Doping graphene is now easier than ever before, following the development of a new process allowing materials to be covered with the revolutionary material.
Graphene consists of a single layer of carbon atoms, arranged in a sheet. The material has unique chemical and electrical properties that could make it a revolutionary substance in fields ranging from material manufacturing to electrical engineering.
Researchers found a new way of altering the number of electrons surrounding atoms of graphene. This is the main property in atoms which determines their chemical behavior. An electrical signal was used to alter the number of electrons in the system. This advance could allow the development of graphene-based processors that could be "re-wired" electronically, without having to physically alter the device.

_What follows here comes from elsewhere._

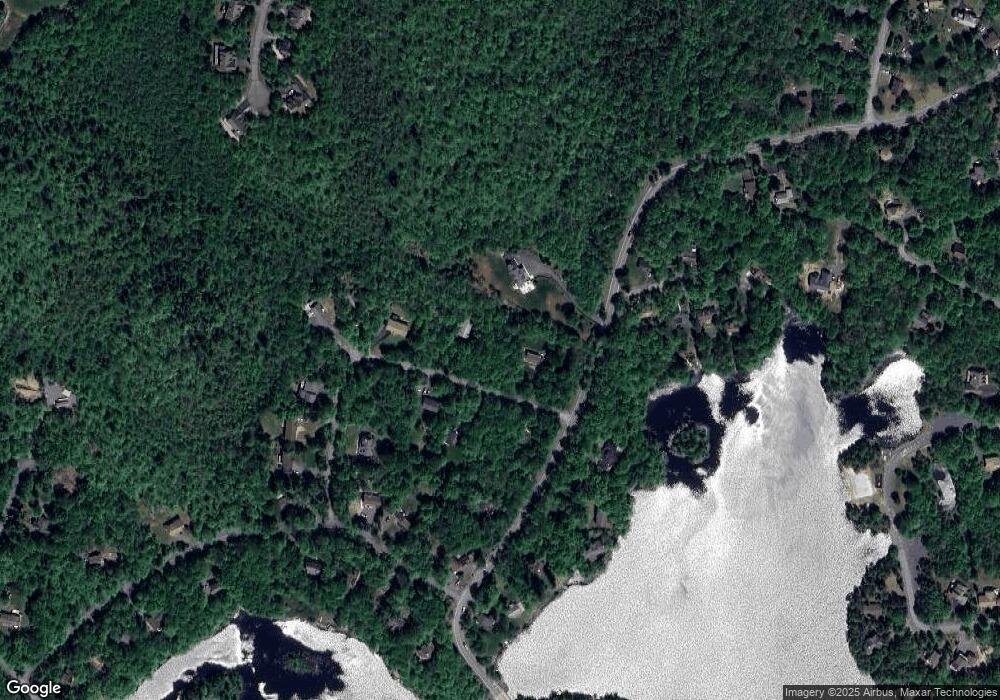 306 Hilltop Dr, Emerald Lakes, PA 18334 - photo 1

Silicon is currently the material of choice for computer processors, due to the fact that the number of free electrons in the material can be controlled through the introduction of impurities into the material. This process is known as doping. Semiconductors with greater numbers of electrons have a negative charge, and are known as n-type. Those lacking electrons are called p-type semiconductors, and possess a positive charge. Specific arrangements of these materials can produce transistors, integrated circuits, and computer processors.
A layer of graphene was placed on a base of periodically poled lithium niobate in a manner so that the two substances did not bound together. The base material exhibits either a positive or negative charge on its surface, and this form of the material has alternating stripes of positive and negative regions. Through the application of an electrical field, it is possible to push this lithium niobate into a desired state. This is an unstable situation, as the material attempts to gather or shed electrons, to return to neutral.

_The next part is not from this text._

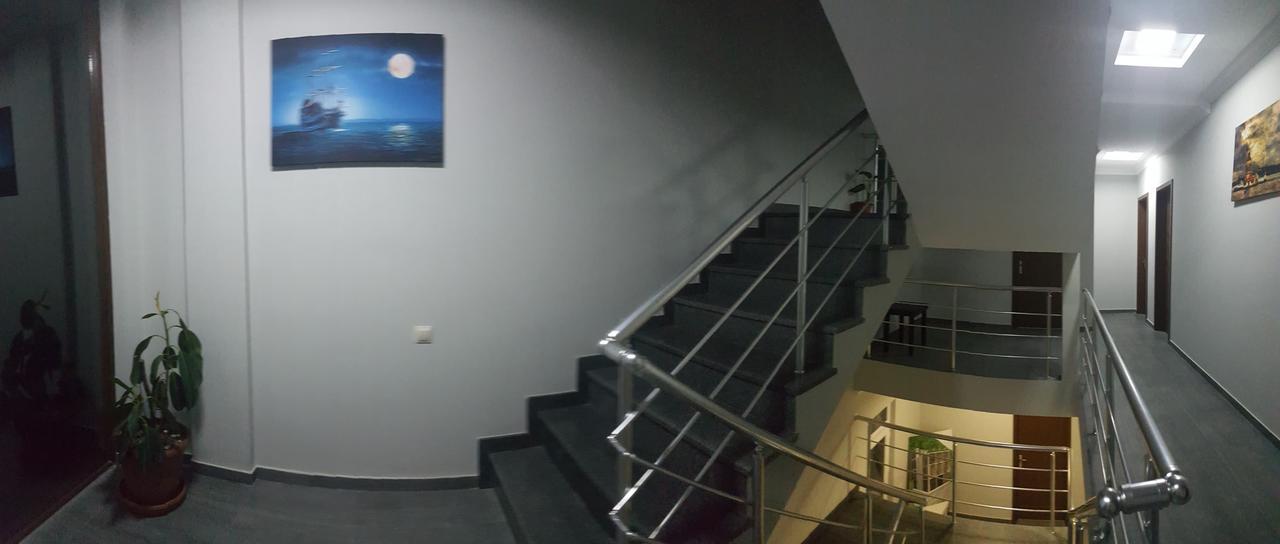 Вілла My House Гоніо Екстер'єр фото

"Here we have graphene standing by, on the surface of the oxide but not binding to it. Now, if the oxide surface says, 'I wish I had more negative charge,' instead of the oxide gathering ions from the environment or gaining electrons, the graphene says 'I can hold the electrons for you, and they'll be right nearby," Andrew Rappe of the University of Pennsylvania said.
Graphene doping has been accomplished before, but the introduction of chemical impurities into the material negates some of the remarkable properties of graphene. A varying electrical field can also be used to create regions with the desired concentration of electrons, but this requires the placement of electrodes which adds to the bulk of the device.
Development of the new graphene doping technique was profiled in the journal Nature Communications.